Conventional electronic devices only exploit the charge of electrons. But much more powerful devices could be built if the 'spin' of electrons – which can be either +1/2 or -1/2 – could also be controlled. When the spins of electrons are aligned in one direction – or 'polarized' – by a magnetic field, the resistance they experience when they travel through a conductor is different to that experienced by electrons polarized in the opposite direction.

This effect is known as magnetoresistance and can be studied by sandwiching a conductor between two ferromagnetic electrodes – a device known as a spin valve. When these electrodes are placed in a magnetic field, the spins of the electrons that they contain become polarized.
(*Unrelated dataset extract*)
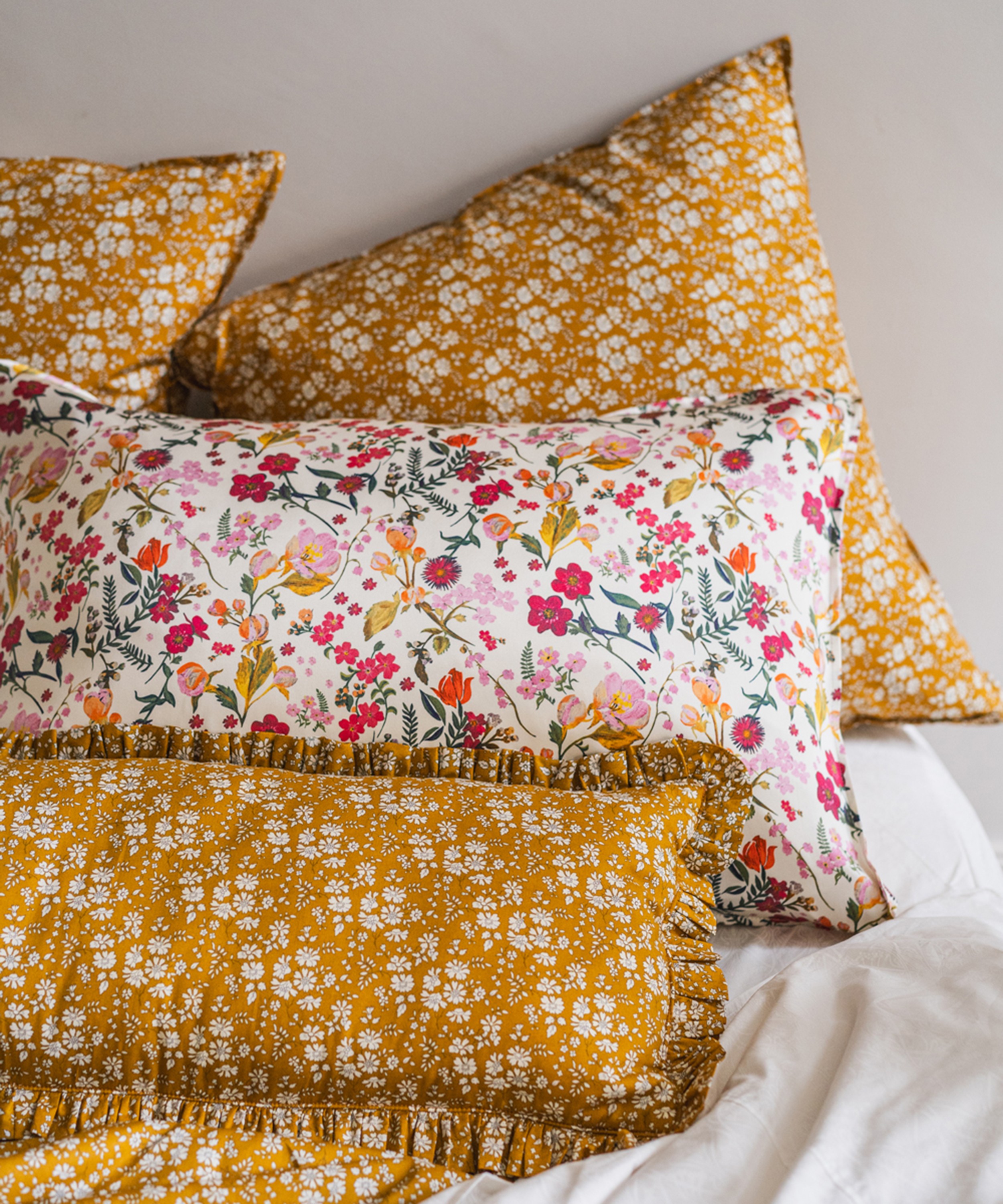 Coco & Wolf - Capel Mustard Tana Lawn™ Cotton Double Fitted Sheet image number 2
If a voltage is then applied across the electrodes, the polarized electrons can flow through the conductor, from one electrode to the other.

To see how polarized currents would flow through DNA molecules, Zwolak and Di Ventra considered two spin valves – one with iron electrodes and one with nickel electrodes – in which DNA was the conductor. They calculated the current that would flow through the DNA molecules when the electrodes in each spin valve were magnetized first in the same direction – or ‘parallel’ – and then in opposite directions – or ‘anti-parallel’.

The researchers found that the current flowing through the DNA in a nickel-based spin valve would increase by up to 26% when the magnetization of the electrodes was switched from anti-parallel to parallel. In an iron-based spin valve, the current would increase by up to 16% for a similar switch. This shows that electrons would be able to travel through DNA more easily when both the source and drain electrodes were magnetized in the same direction.

Zwolak and Di Ventra believe that it should be possible to observe these effects experimentally, and hope that their results will stimulate further studies into the electrical properties of DNA and their potential use in molecular electronics devices of the future.